GÜLME BANA SARTRE
Hayatın anlamsız bir biçimde yitip gittiğini görebiliyordum. Hissediyordum, ama önüne geçemezdim. Bunu bildiğim için öylece duruyordum, halbuki çok hızlı yürürüm. Şimdi ise öylece duruyordum bir sokakta. Ölüm geldiğinde burada yazanların birileri tarafından keşfedileceğini ümit ediyordum. Ümit ediyordum, çünkü ölü olsam bile birine dokunmak istiyordum. Biri tarafından anlaşılmak, hissedilmek, keşfedilmek... Özlem duymuyordum hiçbir şeye, özleyecek bir şeyleri olacak kadar şanslı değildim. Önceden masumiyetimi özlerdim. Çocukluğun dokunulmamış, kirletilmemiş körpe kalbinde anlam kazanan o masumiyeti. Şimdi fark ediyordum; hiçbirimiz, hiçbir zaman masum olmadık. Masum doğmadık. Var olmak istedik ve dünyaya geldik. Kendimize bir anlam yüklemek istedik. Kimimiz yapamadı, kimimiz yapabildiğini sandı. Aslında, ne doğmak, var olmaktı ne de yaşamak, anlam kazanmak.

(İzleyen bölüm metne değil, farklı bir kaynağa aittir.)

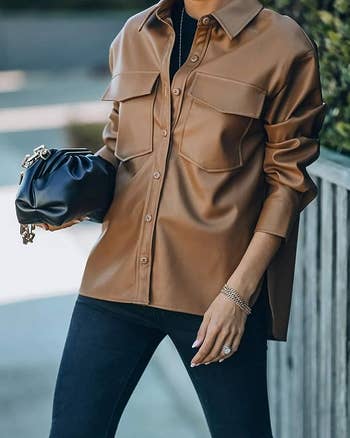 front view of a model wearing the faux leather jacket in brown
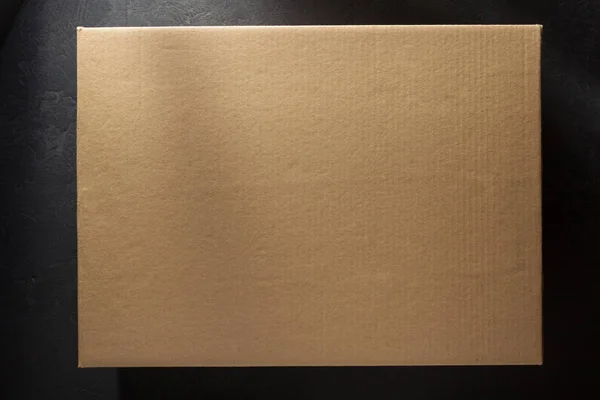 Cardboard box on black — Stock Photo, Image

Varlığımı hissedemiyordum. Birilerine dokunmadıktan sonra, hissetmedikten sonra şu boktan hayatta var olmuş sayılmazdım.Tüm bağışlanmaların, tüm çabaların ve heveslerin bir sonu olduğunu çoktan kabullenmiştim. Sonu olmayan tek şey "var olma çabamızdı." Verdiğimiz savaşların, vazgeçişlerin ve kaçışların tamamını bu temele oturtuyordum.
Var olmak için dokundum tenlerine, var olmak için sevdim ve seviştim. Doğmak, var olmak ve ölmek üçlüsü beni (hatta insanlığı) bir sigaradan farksız kılıyordu. Bir paketin içindeyken seçemediğin biri tarafından dünyaya çıkarılıyordun. Tertemiz ve intizamlı. Yakıyordu seni çakmağıyla ve varlığın anlam kazanıyordu. Her solukta yanıyordun. Dumanın havada salınırken var oluyordun. Her nefeste iliklerine kadar hissediyordun kendi anlamını, tükendiğini bilmeden. İşte böylece devam ediyordu filtreye gelene dek. Sonra söndürülüyordun; bir küllükte, bir duvarda. Bir durak köşesinde üstüne basıyorlardı. Tıpkı paketini, seni dünyaya çıkaranı seçemediğin gibi küllerinin nereye dağılacağını da bilemiyordun. Bu yüzden var olmak ve özgür irade bir yanılsamadır. Sana biçilen rolü oynamak ve rolün son bulduğunda sahneden inmek zorundasın. İşin bittiğinde izmarit olmak..
Durduğum bu bomboş sokakta, soğuğun tenimle buluştuğu şu ufacık beş dakikada (halbuki beş dakika nedir ki koskoca ömürde(!) yanlış! milyonlarca anın üst üste yığılmasıyla oluşan şeye biz "hayat"deriz) kendimde çok uzakta bir yeri düşlüyordum. Belki de kendimden çok uzakta olmayan bir yeri?.. Nerede söndürüleceğimi.
Tutkulu bir inanan, hayalperest diye nitelenecek fikirlerin gerçekliğine sarılan biri için katılınması zor bir yazı.